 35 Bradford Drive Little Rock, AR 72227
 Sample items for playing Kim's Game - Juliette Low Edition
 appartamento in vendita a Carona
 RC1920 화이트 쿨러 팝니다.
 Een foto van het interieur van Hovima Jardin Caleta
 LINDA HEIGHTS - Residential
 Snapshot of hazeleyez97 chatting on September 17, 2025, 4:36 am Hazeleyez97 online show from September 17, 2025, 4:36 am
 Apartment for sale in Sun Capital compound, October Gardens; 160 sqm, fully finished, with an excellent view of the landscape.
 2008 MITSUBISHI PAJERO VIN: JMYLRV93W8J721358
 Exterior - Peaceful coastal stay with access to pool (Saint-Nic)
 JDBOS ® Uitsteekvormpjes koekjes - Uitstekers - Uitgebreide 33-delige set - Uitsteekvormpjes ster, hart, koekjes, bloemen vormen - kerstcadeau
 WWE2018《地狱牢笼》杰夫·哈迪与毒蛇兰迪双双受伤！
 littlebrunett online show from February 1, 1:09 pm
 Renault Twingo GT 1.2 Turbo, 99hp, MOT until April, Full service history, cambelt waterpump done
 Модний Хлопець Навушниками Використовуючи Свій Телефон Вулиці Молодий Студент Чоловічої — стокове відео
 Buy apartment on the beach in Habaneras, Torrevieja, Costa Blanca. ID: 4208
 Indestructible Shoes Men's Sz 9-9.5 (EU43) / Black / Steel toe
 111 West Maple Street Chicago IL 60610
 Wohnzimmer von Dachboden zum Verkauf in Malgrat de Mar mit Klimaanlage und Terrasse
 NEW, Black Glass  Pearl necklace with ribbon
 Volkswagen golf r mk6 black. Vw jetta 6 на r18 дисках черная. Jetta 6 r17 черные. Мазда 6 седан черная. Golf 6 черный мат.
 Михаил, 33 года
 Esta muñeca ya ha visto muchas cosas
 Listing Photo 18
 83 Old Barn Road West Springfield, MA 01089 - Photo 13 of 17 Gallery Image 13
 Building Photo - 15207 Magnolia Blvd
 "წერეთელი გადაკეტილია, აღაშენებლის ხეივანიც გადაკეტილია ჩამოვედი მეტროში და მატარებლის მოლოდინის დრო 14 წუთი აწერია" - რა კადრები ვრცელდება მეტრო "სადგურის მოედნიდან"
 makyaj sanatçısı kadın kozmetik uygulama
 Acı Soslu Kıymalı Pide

### Task instructions
The answer must be a verbatim transcription of the entries above, from the first line through the line that contains "Renault Twingo GT", and nothing more.

### Answer area
 35 Bradford Drive Little Rock, AR 72227
 Sample items for playing Kim's Game - Juliette Low Edition
 appartamento in vendita a Carona
 RC1920 화이트 쿨러 팝니다.
 Een foto van het interieur van Hovima Jardin Caleta
 LINDA HEIGHTS - Residential
 Snapshot of hazeleyez97 chatting on September 17, 2025, 4:36 am Hazeleyez97 online show from September 17, 2025, 4:36 am
 Apartment for sale in Sun Capital compound, October Gardens; 160 sqm, fully finished, with an excellent view of the landscape.
 2008 MITSUBISHI PAJERO VIN: JMYLRV93W8J721358
 Exterior - Peaceful coastal stay with access to pool (Saint-Nic)
 JDBOS ® Uitsteekvormpjes koekjes - Uitstekers - Uitgebreide 33-delige set - Uitsteekvormpjes ster, hart, koekjes, bloemen vormen - kerstcadeau
 WWE2018《地狱牢笼》杰夫·哈迪与毒蛇兰迪双双受伤！
 littlebrunett online show from February 1, 1:09 pm
 Renault Twingo GT 1.2 Turbo, 99hp, MOT until April, Full service history, cambelt waterpump done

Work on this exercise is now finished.